When the trial court overruled appellant's demurrer to this response, appellant refused to plead further. Whereupon, the court dismissed the cross-complaint. By standing on his demurrer, appellant admits the allegations in appellee's response to appellant's cross-complaint to be true.

Appellant urges here that the memorandum set out, supra, under the facts in the case, constituted a valid gift to appellant or that it "operates as an executed trust, in which the settlor, Mrs. Hoff, constitutes herself trustee for appellant."

We do not think that the elements necessary to constitute a valid gift are present here. Section 6073 of Pope's Digest provides: "Every gift of goods and chattels, and all other conveyances of the same, not on consideration deemed good at law, shall be void as against all creditors and purchasers; and all such gifts, grants and conveyances shall be void even against the grantor unless possession really and bona fide accompany such gift or conveyance."

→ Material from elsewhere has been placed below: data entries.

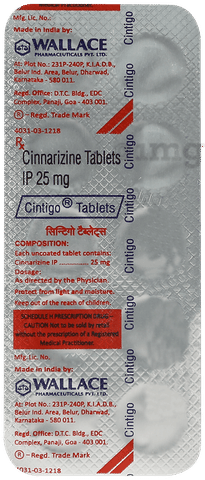 Cintigo 25mg Tablet image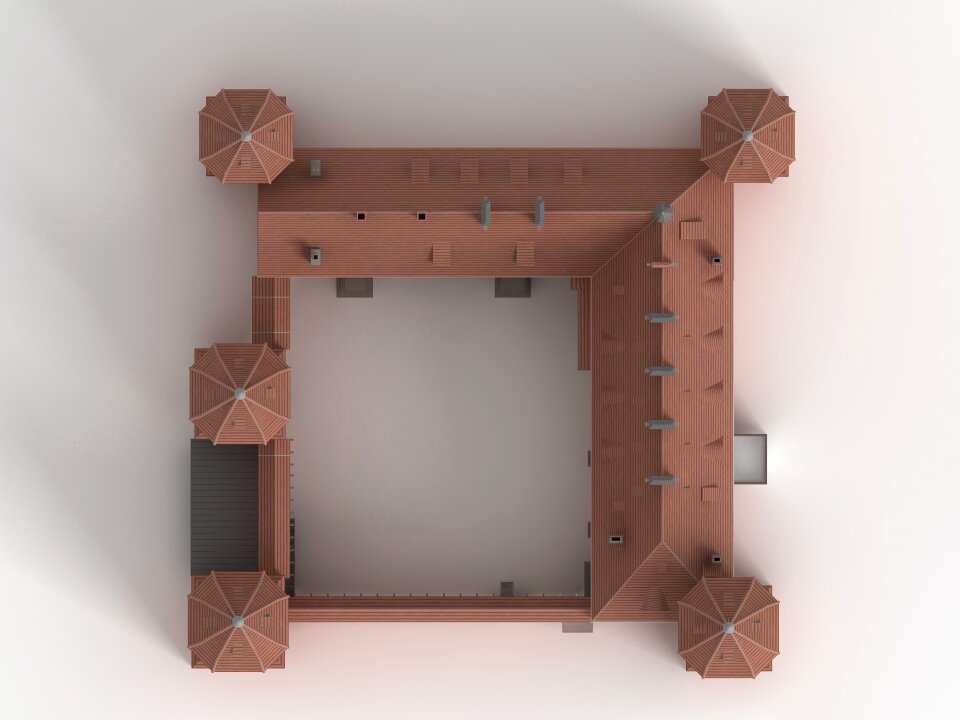 Knight's castle middle ages Free illustrations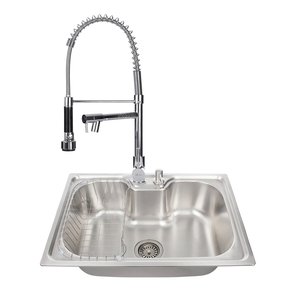 Cuba Gourmet 50x40cm Inox 304 com Torneira Gourmet e Tábua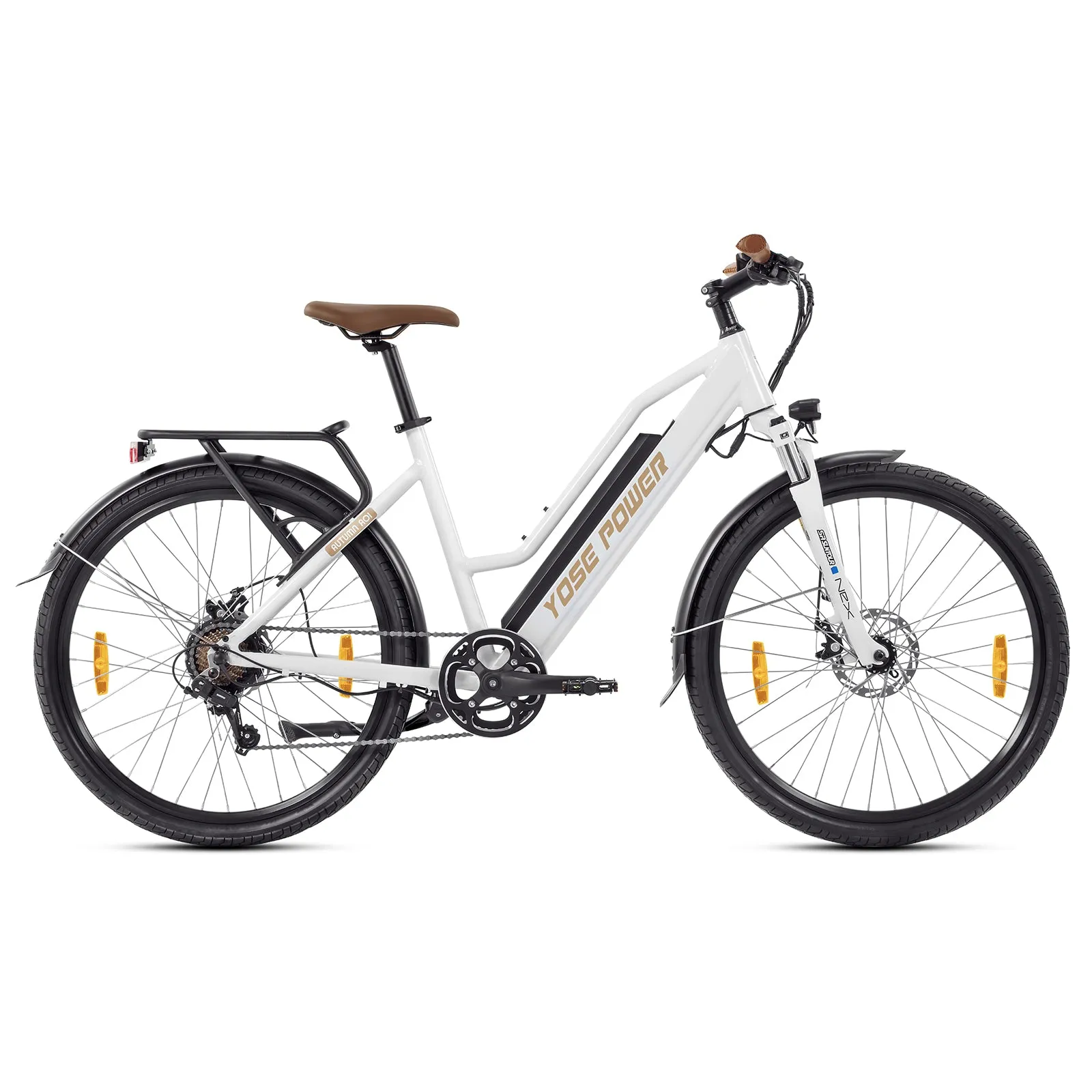 Yose Power City E-Bike with Speed Sensor Autumn A01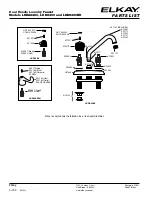 Предварительный просмотр 2 страницы Elkay LKD2490 Specifications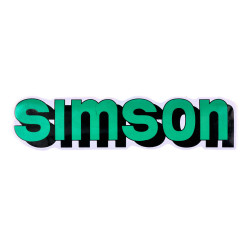 Schriftzug Folie / Sticker Tank Groen, zwart voor Simson S51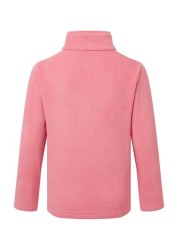 Tog24 Pink Toffolo Kids Zip Neck Fleece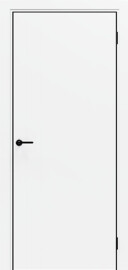 Дверь межкомнатная Порта-50 4AB Полипропилен Alaska, глухая, кромка алюминиевая черная матовая, каркасно-щитовая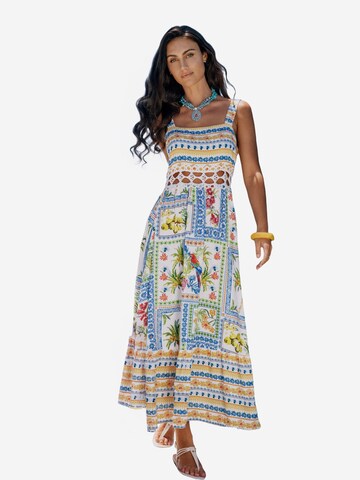 Cupshe Beach Dress in Blue: front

We think the rule announced in Stifft v. W. B. Worthen Company, 176 Ark. 585, 3 S.W.2d 316, applies. There it is said:

"The elements necessary to constitute a valid gift inter vivos were stated by this court in Lowe v. Hart,93 Ark. 548, 125 S.W. 1030, to the effect that the donor *69 must be of sound mind, must actually deliver property to the donee, must intend to pass the title immediately, and the donee must accept the gift. It will therefore be seen that a gift inter vivos cannot be made to take effect in the future, as such a transaction would only be a promise or agreement to make a gift, and, being without consideration, would be unenforceable, and void, and considerations of blood or love and affection are not sufficient to support such a promise. 12 R.C.L. 930.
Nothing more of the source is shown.